GOALS = [DEADLINE timeWindow (5:18:00-1:8:30)]

DESCRIPTION = "weekend regression testing"

End ServiceClass

Begin ServiceClass

NAME = Engineering

PRIORITY = 20

USER_GROUP = eng

GOALS = [THROUGHPUT 10 timeWindow ()]

DESCRIPTION = "constant throughput for CEs"

End ServiceClass

After you add the lines to lsb.serviceclasses file and restart the Load Information Manager (LIM) and MBD, enter the bsla command to verify that they are active (Example 3-15).

Example 3-15 Viewing a service class

$ bsla

SERVICE CLASS NAME: Weekend

-- "weekend regression testing"

PRIORITY: 20

GOAL: DEADLINE

ACTIVE WINDOW: (5:18:00-1:8:30)

STATUS: Inactive

SLA THROUGHPUT: 0.00 JOBS/CLEAN_PERIOD

NJOBS PEND RUN SSUSP USUSP FINISH

0 0 0 0 0 0

----------------------------------------------------------------------

SERVICE CLASS NAME: Engineering

-- "constant throughput for CEs"

PRIORITY: 20

USER GROUP: eng

GOAL: THROUGHPUT 10

ACTIVE WINDOW: Always Open

STATUS: Active:On time

SLA THROUGHPUT: 0.00 JOBS/CLEAN_PERIOD

OPTIMUM NUMBER OF RUNNING JOBS: 0

NJOBS PEND RUN SSUSP USUSP FINISH

0 0 0 0 0 0

Notice that a time window was not provided for the engineering department, which means that the service level is always active. Only the eng group can use this window, unlike the weekend service class, which is available to everyone.

3.6.2 Using a service class

To use a service class, the user submits their job against the class as shown in Example 3-16.

Example 3-16 Submitting a job against a service class

$ bsub -sla Weekend myjob

The sla parameter names the service class to be used, which is weekend in this example. Specify a run limit with the job, which you can specify on the queue against the application profile or on the command line (using the -W parameter). When you specify a job limit, the scheduler can properly calculate the service class. If the scheduler cannot detect how long a job will run, how can it accurately calculate the deadline of the job or how many jobs to schedule per hour?

3.7 Job submission

After you define the queues and the scheduling policies of these queues, you can start using them. To submit a job to the job queue, you enter the bsub command. You can run the bsub command by using a script, a command line, with a spool file or run interactively. You can also use the web interface through IBM Platform Application Center if you have installed it.

The bsub command has many options.

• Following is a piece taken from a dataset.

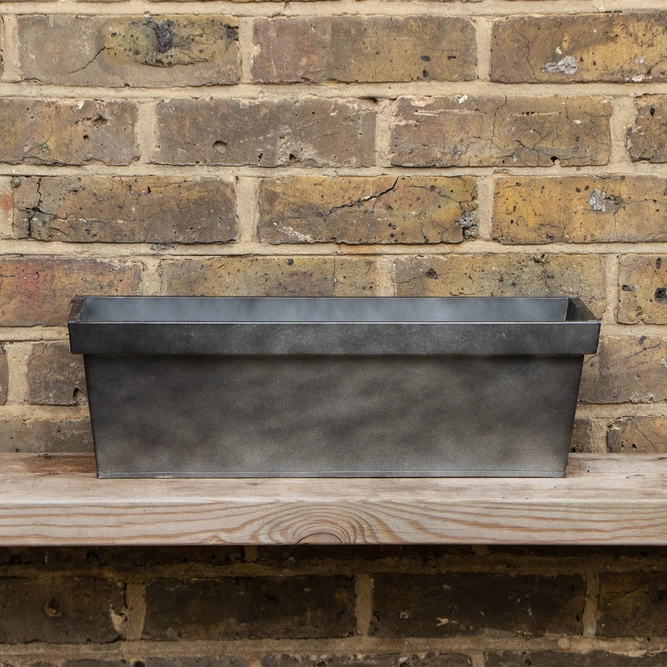 Zinc Trough Window Box Planter - Matt Anthracite (L50cm x W17cm x D16cm) - image 2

Table 3-2 lists the common flags that are used throughout this book.

Table 3-2 Common flags that are used with the bsub command

Flag	Function
-n #	Number of cores that are required for a job
-q qname	Submit a job to a specified queue
-R string	Resource selection criteria
-U reservation	Submit a job against a defined advance reservation
-P project	Submit a job against a named project
-app name	Use a defined application profile
-x	Have exclusive use of a server host
-W	Specify a wall clock limit for a job

You can learn about the bsub command options in Running Jobs with IBM Platform LSF, SC27-5307, at the following address or in the online manual by typing the man bsub command:

http://publibfp.dhe.ibm.com/epubs/pdf/c2753070.pdf

The IBM Platform LSF daemons that run on server hosts report resource usage periodically to the master. The master host gathers this information and calculates where to dispatch jobs based on the information that it receives from the hosts and the user requirements.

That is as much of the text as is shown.